Mala Scena is the only theatre in Croatia which has been producing Early Years shows on a regular basis. For over a decade they have been creating theatrical experiences aimed at children from 18 months to 5 years of age, including: The Story About Cloud, The Story About Wheel, The Story About Light and The Story About Water.
For the latest addition to the The Story About… series, The Story About Sound, Mala Scena partnered up with the creative collective SKROZ, consisiting of French-Croatian audio artist Vedran Peternel and Croatian director Nora Krstulovic. They are well known for the use of sound as an autonomous expressive device, both in their high-tech projects such as @BetaSkroz as well as in children’s theatre shows such as Golden Hen or Weasel In The Attic.
The preparations for The Story About Sound included several months of research with the team of international multidisciplinary professionals observing, as well as challenging the levels of sound perception: their connection with other senses as well as with cognitive and emotional development of the youngest audiences.
As a result, The Story About Sound is the first performing arts project ever using revolutionary Modular Musical Objects technology developed by famous French research institute IRCAM (Institut de Recherche et Coordination Acoustique/Musique) as well as the Verbotonal method theory by Croatian scientist and founder of SUVAG, Petar Guberina.

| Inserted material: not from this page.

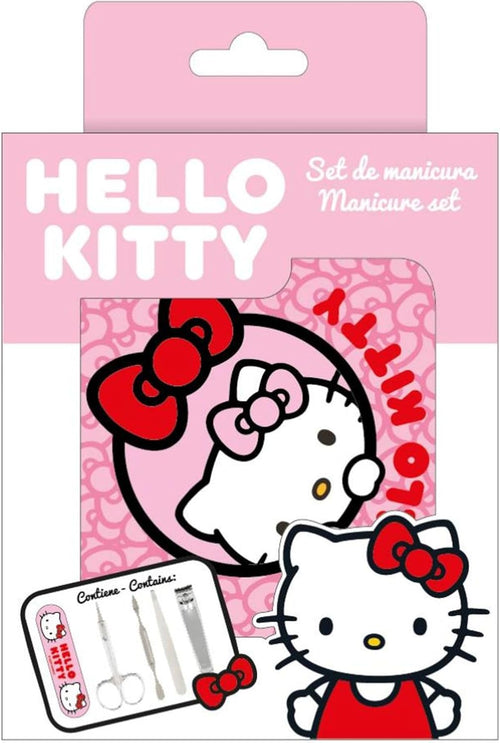 Étui métallique Hello Kitty fermé montrant le motif kawaii et la finition brillante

For an unborn baby sound is the first perception of the outer world through its mother’s womb. A baby’s cry is the sound of its first arrival into this world. Newborns recognise their mother’s voice, which soothes them. At the age of three months they start getting excited by the familiar sounds such as bathwater running, footsteps, etc. At the same time, babies start to recognise and locate from where the sounds are coming and their spatiality, whilst the visual perception of space develops at a later stage.
Despite all this, current developmental and educational trends give little space to nurturing and developing our perception of sound, barring listening to music and stories.

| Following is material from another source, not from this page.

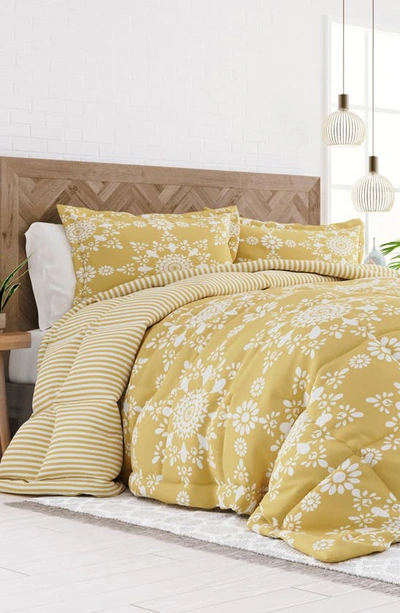 Shop Homespun Premium Ultra Soft Daisy Medallion Reversible Down-alternative Comforter Set In Yellow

Sound however, is far more complex than that.
It transcends geographical area and language, and paints pictures far richer and more memorable than words, images or television screen.
The association that the sounds (including the harmonious and organised sequence better known as music) produce with the listener are far more diverse than any image, word or movement. This is exactly what The Story About Sound explores by using a plethora of sounds: those familiar to children, such as nature sounds, melodies and rhythms, as well as abstract and synthetic sounds.
The Story About Sound aims to be one of the first lessons in the skill of listening: to our immediate surroundings, the ones we recognise and the ones that are new, as well as to our own selves.